Start with the line that holds "رئيس الوزراء يتفقد". Please copy it and each remaining line below exactly, leaving pictures out.

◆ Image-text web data
═══

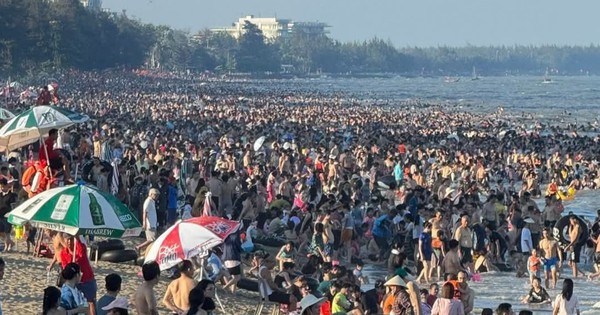 Cảnh tượng kín đặc người ở một bãi biển đang hot nhất nhì miền Bắc, nghe lý do nhiều người phải thừa nhận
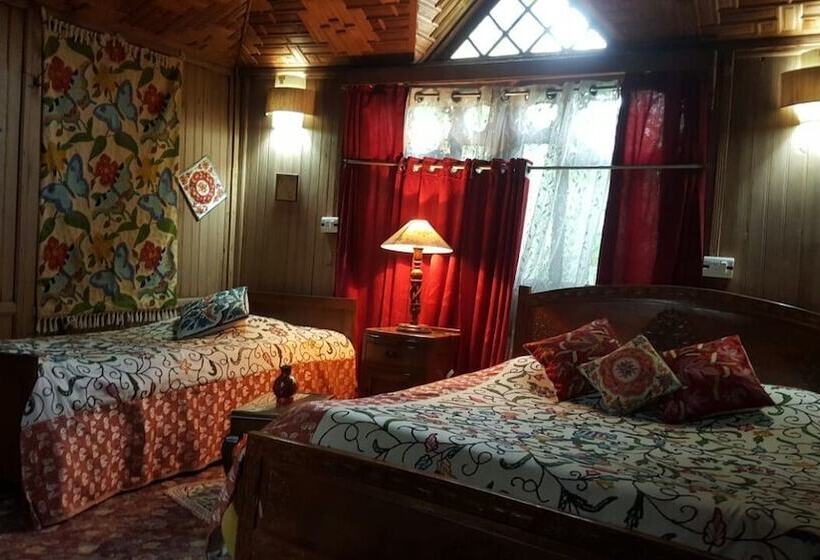 בית מלון כפרי Akbar Group Of Heritage Houseboats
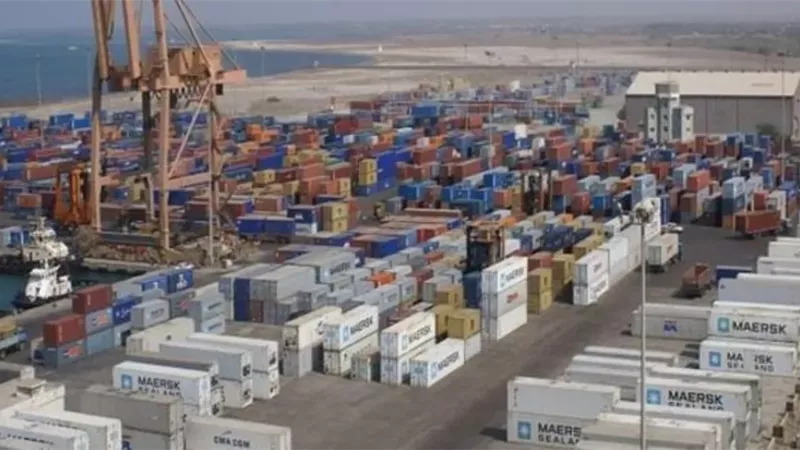 رئيس الوزراء يتفقد بعد قليل بدء التشغيل التجريبى لمحطة البحر الأحمر للحاويات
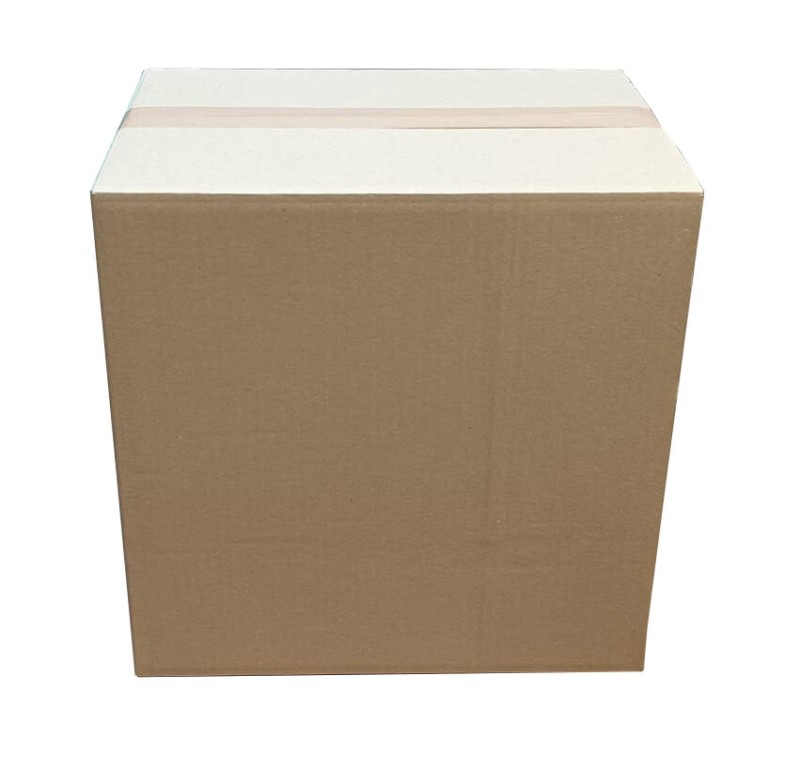 Szary karton klapowy wykonany z 3-warstwowej tektury o fali C. Karton ma klasyczną konstrukcję  z czterema klapami u góry i u dołu, które po złożeniu tworzą szczelne i trwałe opakowanie. Widoczna jest jego solidna, falista struktura.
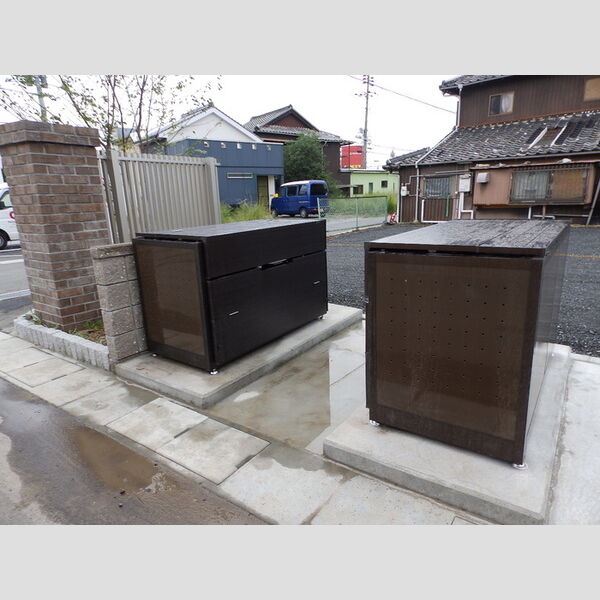 現地周辺 (ゴミステーション)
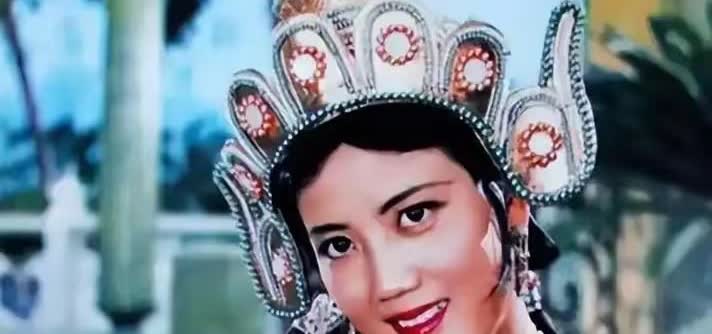 全家移民加拿大，息影后跟丈夫卖薯片，70岁演员李秀明现状如何？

═══

◆ Solution for this exercise
 رئيس الوزراء يتفقد بعد قليل بدء التشغيل التجريبى لمحطة البحر الأحمر للحاويات
 Szary karton klapowy wykonany z 3-warstwowej tektury o fali C. Karton ma klasyczną konstrukcję  z czterema klapami u góry i u dołu, które po złożeniu tworzą szczelne i trwałe opakowanie. Widoczna jest jego solidna, falista struktura.
 現地周辺 (ゴミステーション)
 全家移民加拿大，息影后跟丈夫卖薯片，70岁演员李秀明现状如何？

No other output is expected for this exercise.